Henry Smith

Profile
- Position: Defensive tackle

Personal information
- Born: July 19, 1983 (age 43) Aliceville, Alabama, U.S.
- Listed height: 6 ft 2 in (1.88 m)
- Listed weight: 310 lb (141 kg)

Career information
- College: Texas A&M
- NFL draft: 2008: undrafted

Career history
- New England Patriots (2008)*; St. Louis Rams (2008)*; Jacksonville Jaguars (2008)*;
- * Offseason or practice squad member only

= Henry Smith (American football) =

American football player (born 1983)

Henry Smith (born July 19, 1983) is an American former football defensive tackle. He was signed by the New England Patriots as an undrafted free agent in 2008. He played college football at Texas A&M.

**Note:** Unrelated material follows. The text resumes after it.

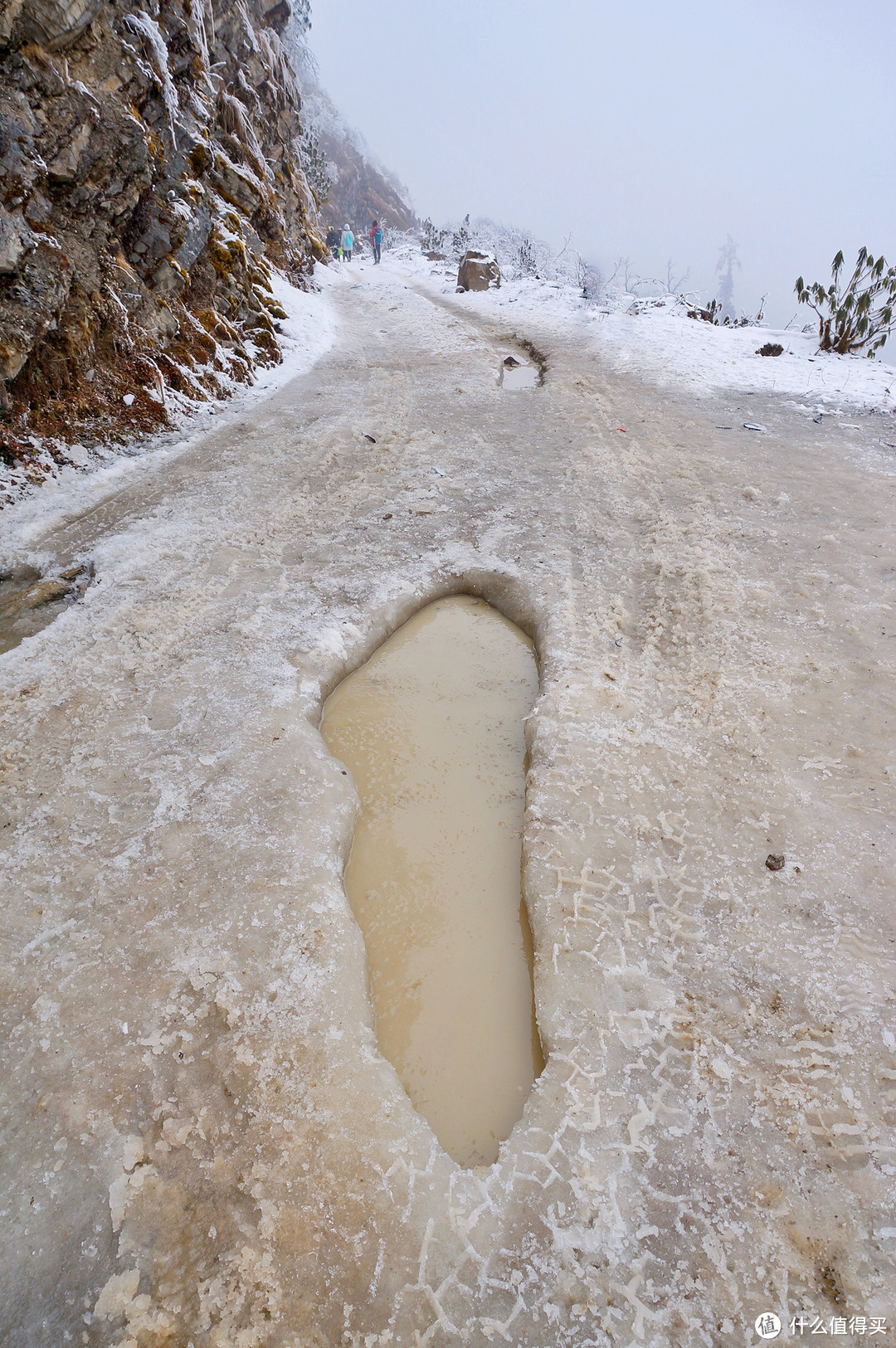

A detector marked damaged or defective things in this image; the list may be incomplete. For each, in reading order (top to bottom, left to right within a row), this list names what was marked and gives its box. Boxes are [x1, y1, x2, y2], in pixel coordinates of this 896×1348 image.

pothole in road [0, 561, 94, 655]
pothole in road [322, 596, 544, 1165]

Smith was also a member of the St. Louis Rams and Jacksonville Jaguars.

==Professional career==
===New England Patriots===
After going undrafted in the 2008 NFL draft, Smith was signed by the New England Patriots. He was waived on June 12.

===St. Louis Rams===
Smith was signed by the St. Louis Rams on July 30, 2008, but was waived during final cuts on August 29.

===Jacksonville Jaguars===
Smith was signed to the practice squad of the Jacksonville Jaguars on December 23, 2008.